So you have just received your credit report and your score has dropped. Why? There are different items on your credit score that can affect your score negatively. Make sure you keep an eye on the following four must-watch items on your credit report to maintain a good score.
First, you can receive a free credit report once every year from each of the three nationwide credit reporting companies. You can order yours online from annualcreditreport.com or by calling 877-322-8228. (Other sites may advertise free credit reports, but the fine print often requires you to buy a product or service.) Some credit card companies also provide a free FICO credit report, and there are sites such as creditkarma.com where you can view your score for free as well.
Late payments. Late payments and delinquencies have a huge impact on your credit score. They make up 35 percent of your entire FICO score. If you see marks that bills have been paid 30, 60, 90 or 120 days late, that is extremely damaging to your score. The other important factor is the timeline of how late your payment was and how long ago you made this mistake. The later your payment is, the more it negatively affects your score. The more time that has passed since the late payment, the less it affects your score.
Collections. Any collections activity on your report will go against your score. If you have had an account or bill that has gone to a collections agency, you are probably aware of it, but in some cases you may not be. There are certain situations where you may not be aware of collections action, such as if you didn’t pay the last utility bill after you moved and the collection agency couldn’t locate you. If you see a mark on your report that is not related to you, you can dispute it and have it removed. Any collections item can stay on your report for seven years, but the longer it has been on your report, the less it affects your score.
Active accounts. An easy way to detect identity fraud is to look for accounts on your credit report that you didn’t open.

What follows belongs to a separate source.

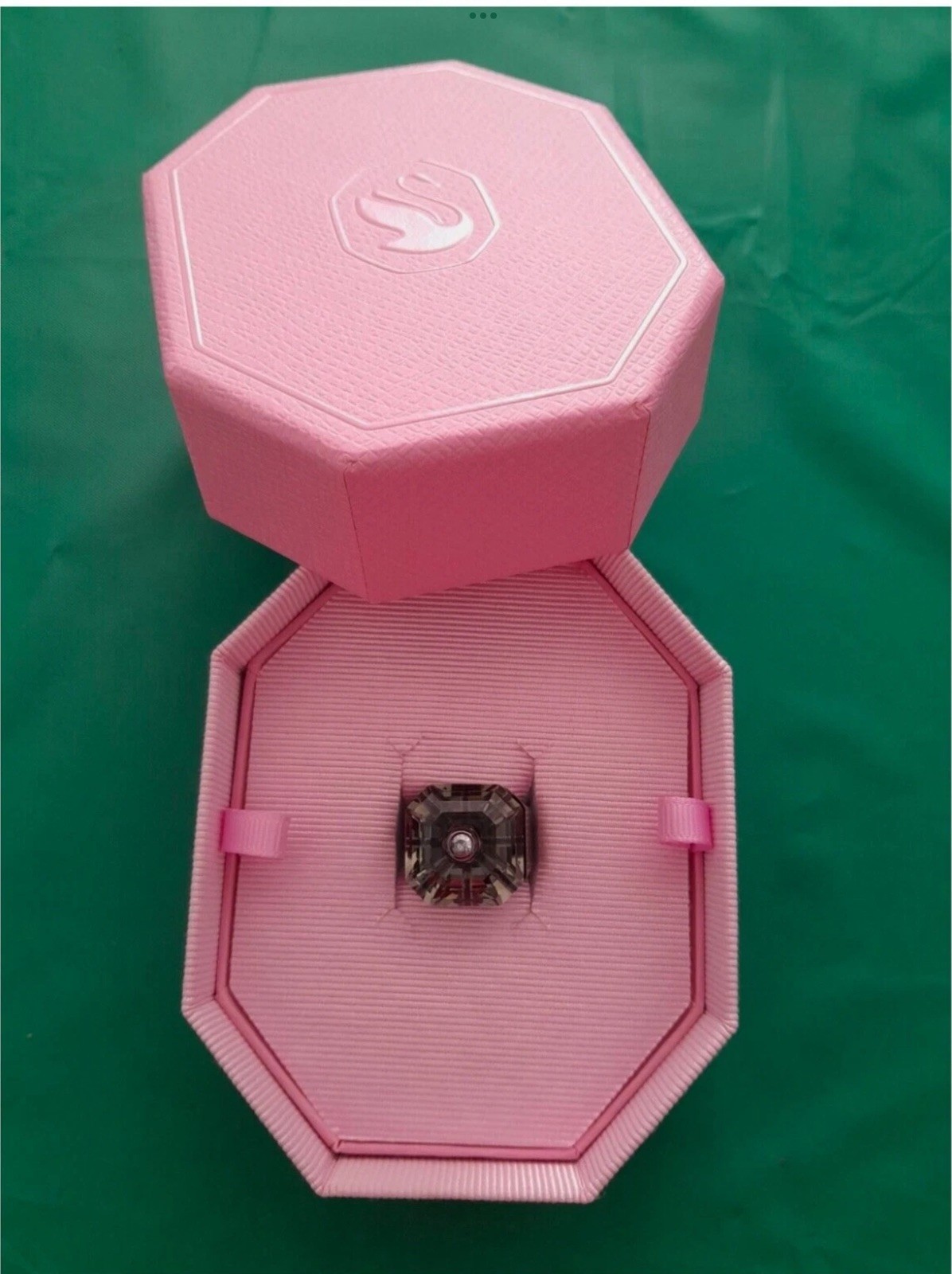 Swarovski Numina Cocktail Ring 55 Brand New Genuine Boxed❤️❤️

If you have closed an account, it will reflect that on your credit report and you will be able to verify the date you closed it. If an account is shown as open but you have closed it, reach out to the issuer to find out why it is still active.

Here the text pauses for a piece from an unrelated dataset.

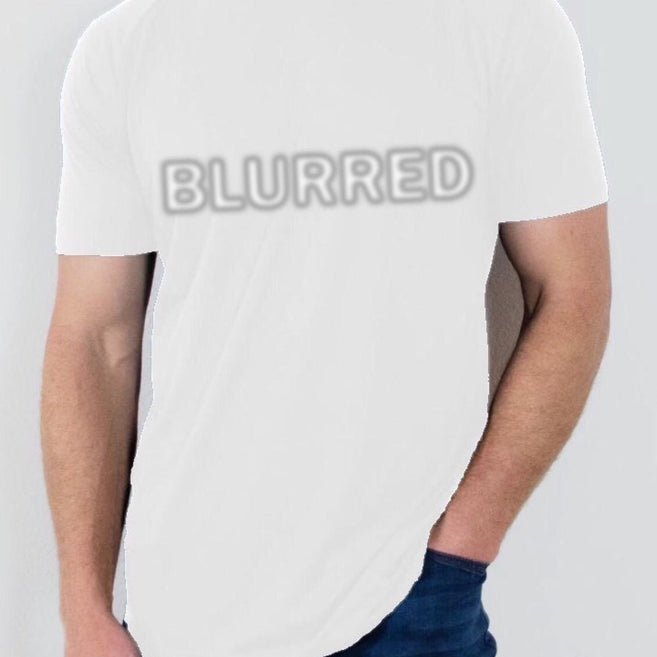 "Blurred" T Shirt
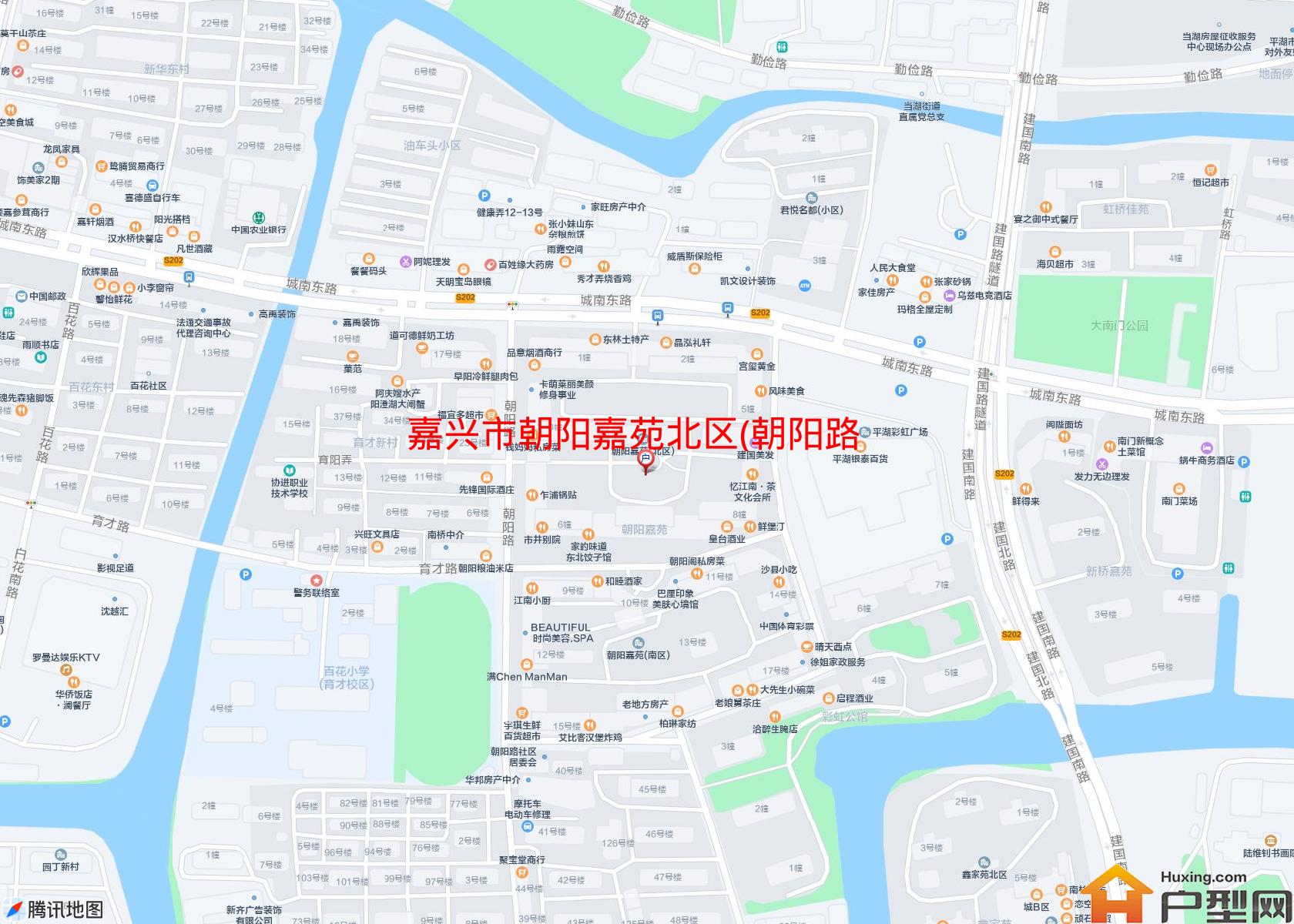 朝阳嘉苑北区(朝阳路33号)小区 - 户型网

High debt-to-credit limit ratio. Credit score companies will look at how you utilize your credit cards by comparing the balance on one revolving account with the available credit from the lender. You want to keep your ratio under 10 percent. For example, if your credit card has a limit of $5,000 and you have a $1,000 balance on it, the ratio is 20 percent. If you are running a balance of $7,000-$8,000 on a credit card with a $10,000 limit, it will really negatively affect your score. It is even worse to have high running balances on several cards.